All entries are to be printed again exactly, with their images omitted.

• • •

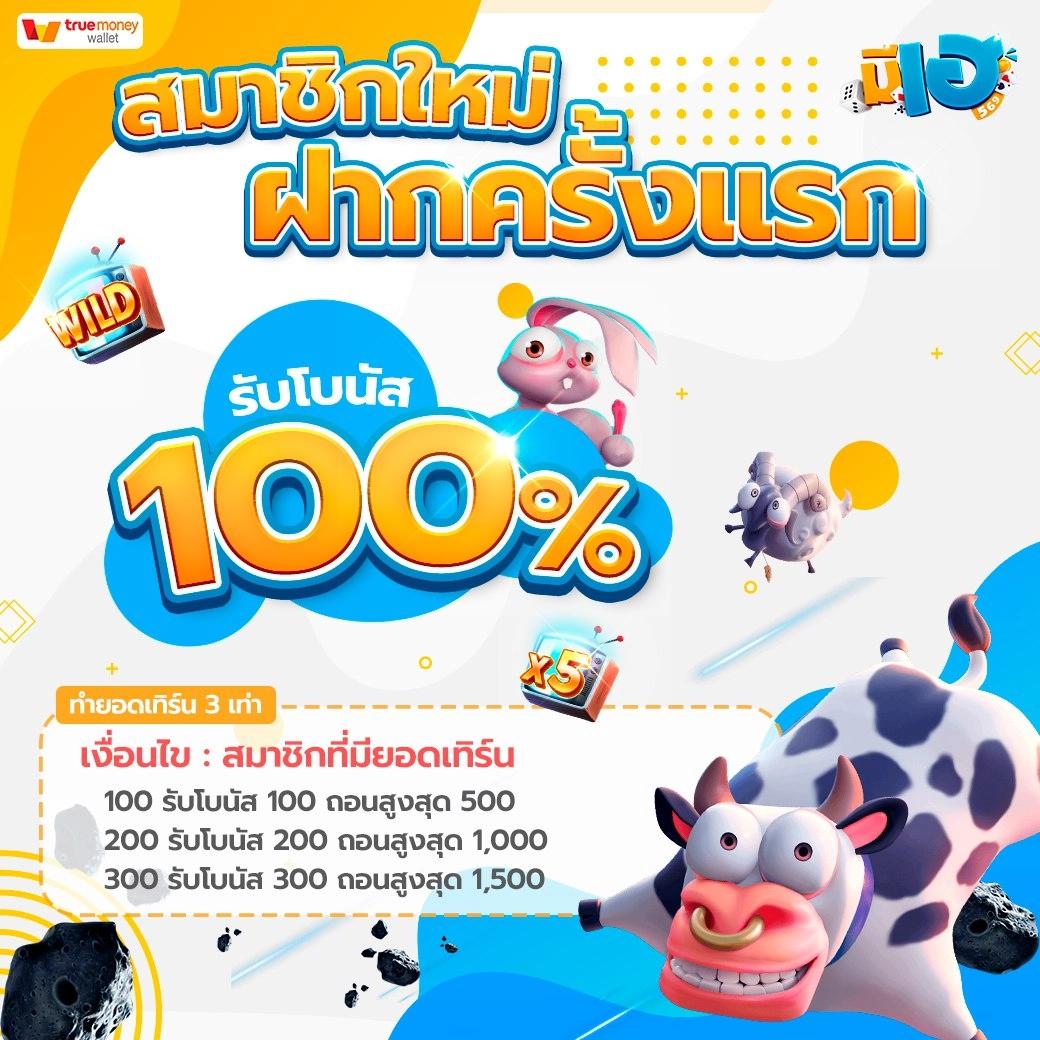 828สล็อต เว็บใหม่ล่าสุด มาตรฐานระดับโลก เล่นง่าย จ่ายจริง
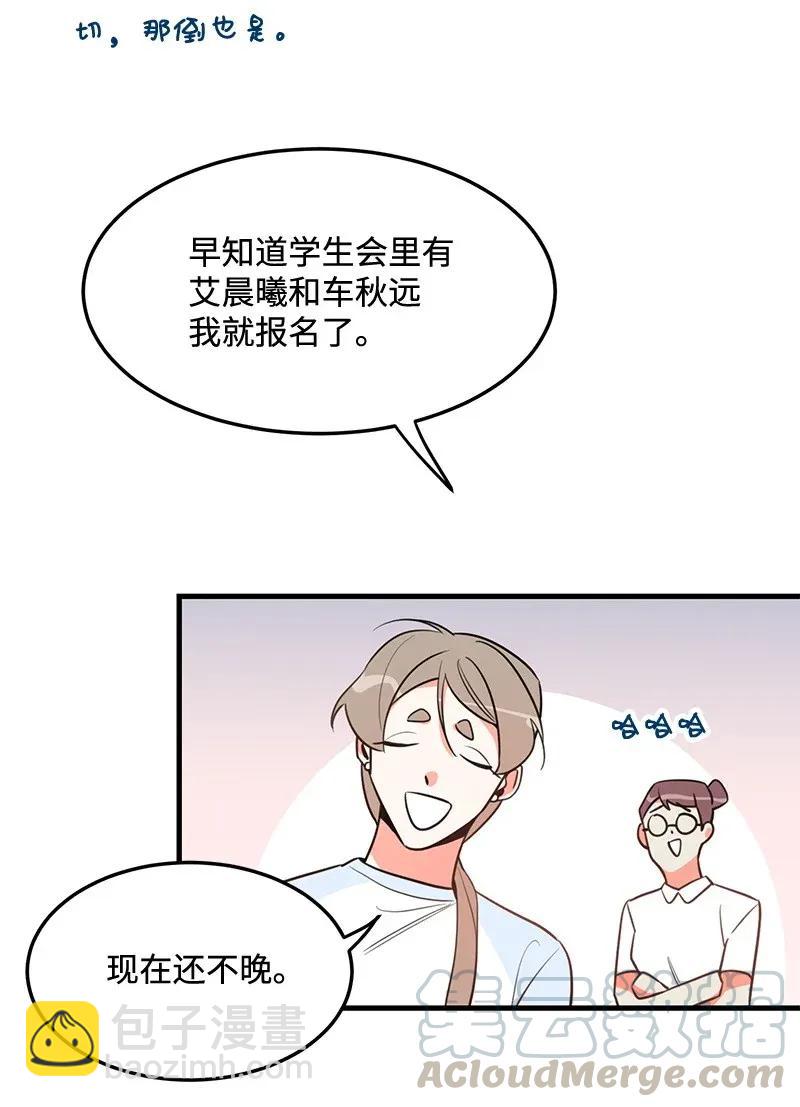 14 帅气的一面44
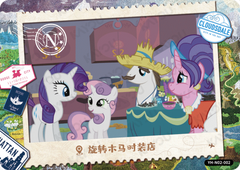 YH-N02-002 KAYOU MLP Fun Moments Edition Fun Moments 2 N bundle card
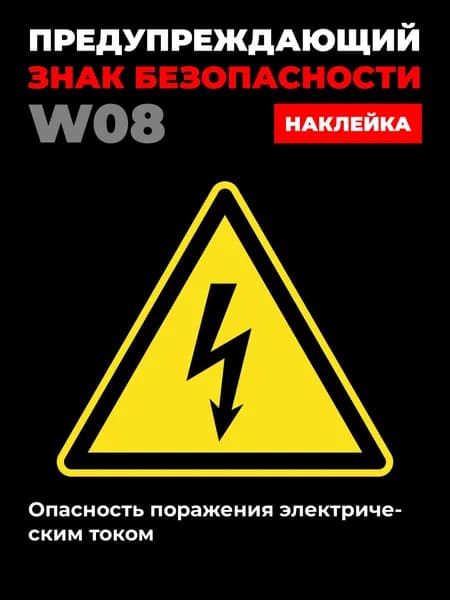 Несветящийся, треугольный, предупреждающий знак W08 Опасность поражения электрическим током (самоклеящаяся ПВХ плёнка, 250*250*0,1 мм, 1 шт.)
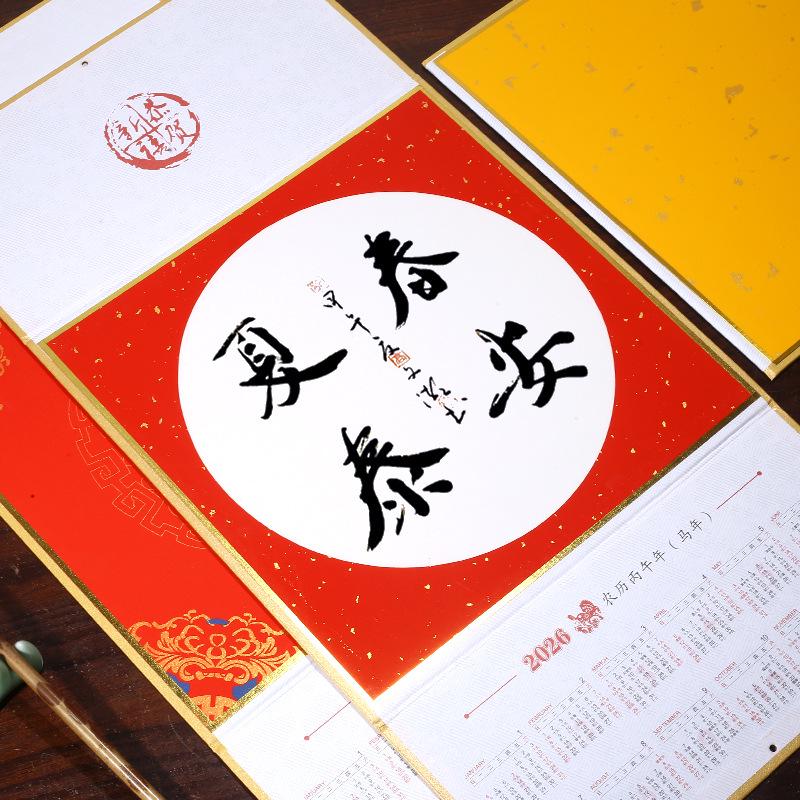 Calendar pliabil Anul Calului 2026: Hârtie Xuan Semi-Brută, Caligrafie Blank cu Caracterul Fu Scris de Mână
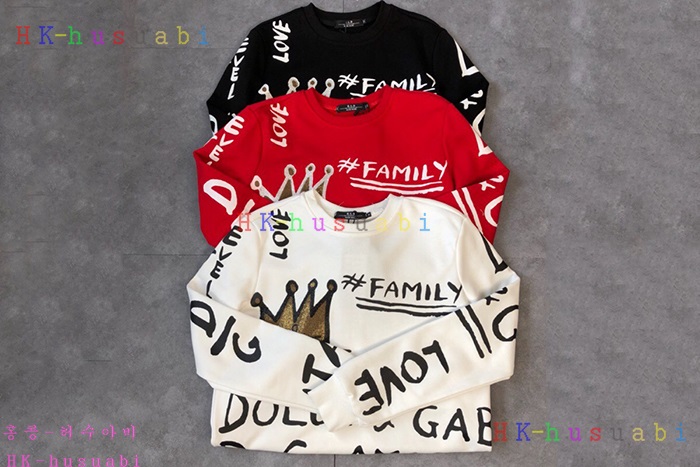 NEW  ��ü�����ٳ� �Ż� ������ DG 01118
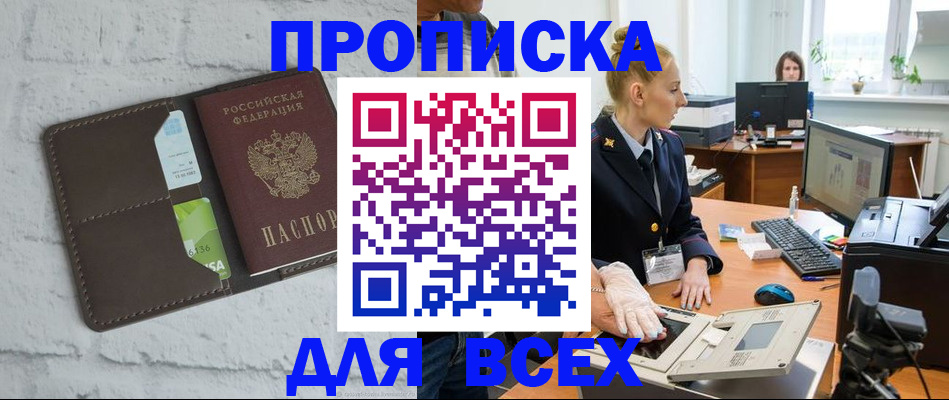 прописка ребенка в Бикине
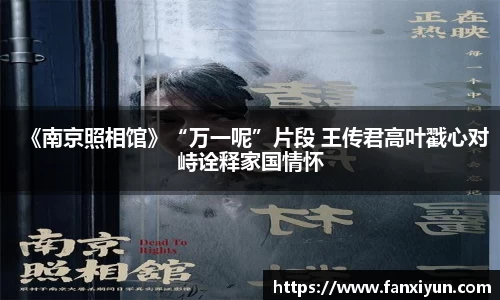 《南京照相馆》“万一呢”片段 王传君高叶戳心对峙诠释家国情怀
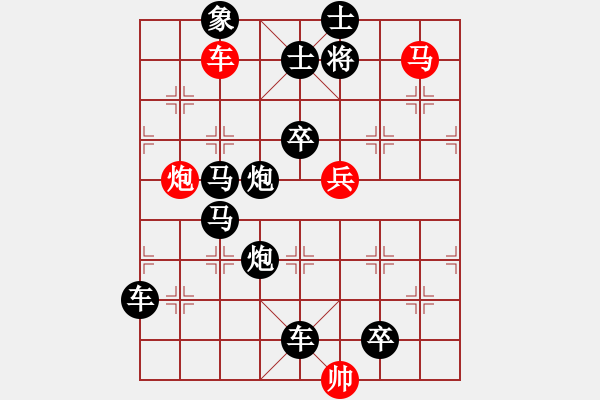 象棋棋譜圖片：【中國(guó)象棋排局欣賞】步步驚心----第102局 八柱承天·馬志明·小兵兵改擬 - 步數(shù)：0 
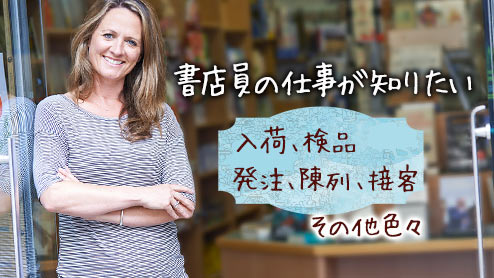 書店員の実態・仕事内容は本を売るだけじゃない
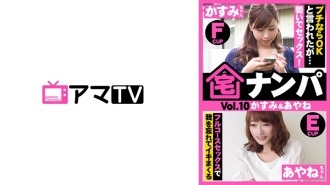 Home Nampa (Kasumi & Ayane)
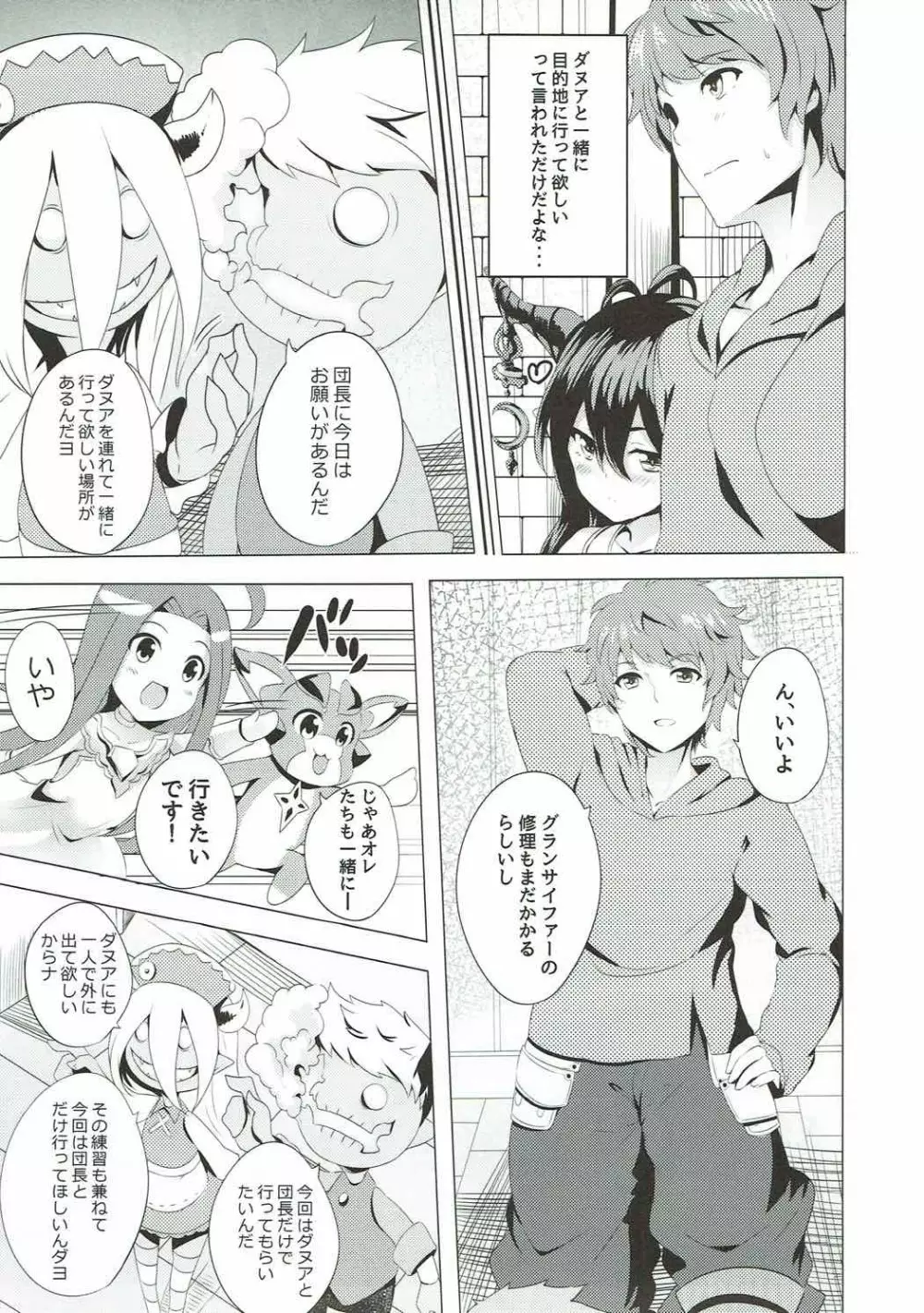 ダヌアといっしょ Page.4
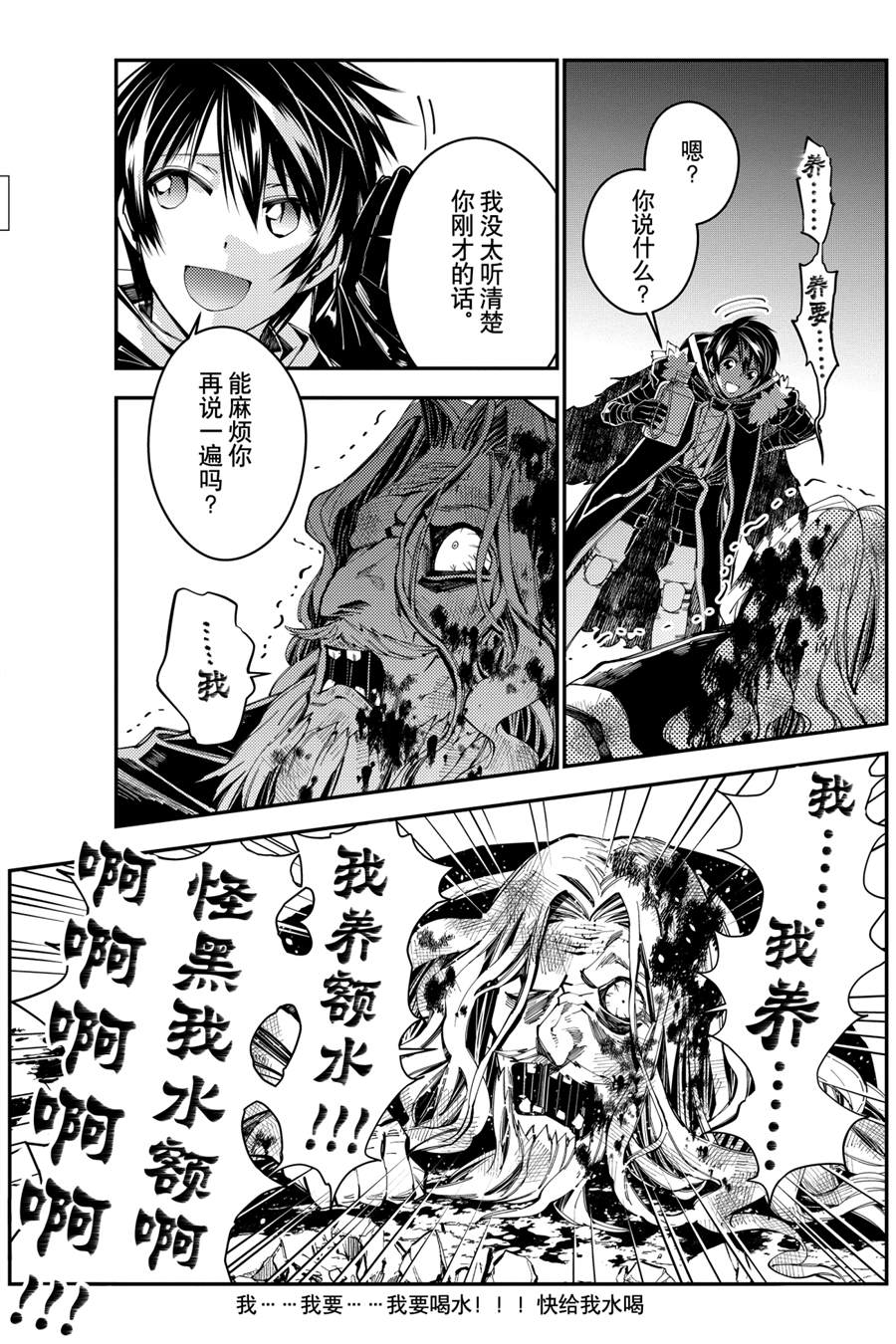 渴望复仇的最强勇者以黑暗之力所向披靡动漫漫画,第25话2图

• • •

## ANSWER AREA
 828สล็อต เว็บใหม่ล่าสุด มาตรฐานระดับโลก เล่นง่าย จ่ายจริง
 14 帅气的一面44
 YH-N02-002 KAYOU MLP Fun Moments Edition Fun Moments 2 N bundle card
 Несветящийся, треугольный, предупреждающий знак W08 Опасность поражения электрическим током (самоклеящаяся ПВХ плёнка, 250*250*0,1 мм, 1 шт.)
 Calendar pliabil Anul Calului 2026: Hârtie Xuan Semi-Brută, Caligrafie Blank cu Caracterul Fu Scris de Mână
 NEW  ��ü�����ٳ� �Ż� ������ DG 01118
 прописка ребенка в Бикине
 《南京照相馆》“万一呢”片段 王传君高叶戳心对峙诠释家国情怀
 象棋棋譜圖片：【中國(guó)象棋排局欣賞】步步驚心----第102局 八柱承天·馬志明·小兵兵改擬 - 步數(shù)：0 
 書店員の実態・仕事内容は本を売るだけじゃない
 Home Nampa (Kasumi & Ayane)
 ダヌアといっしょ Page.4
 渴望复仇的最强勇者以黑暗之力所向披靡动漫漫画,第25话2图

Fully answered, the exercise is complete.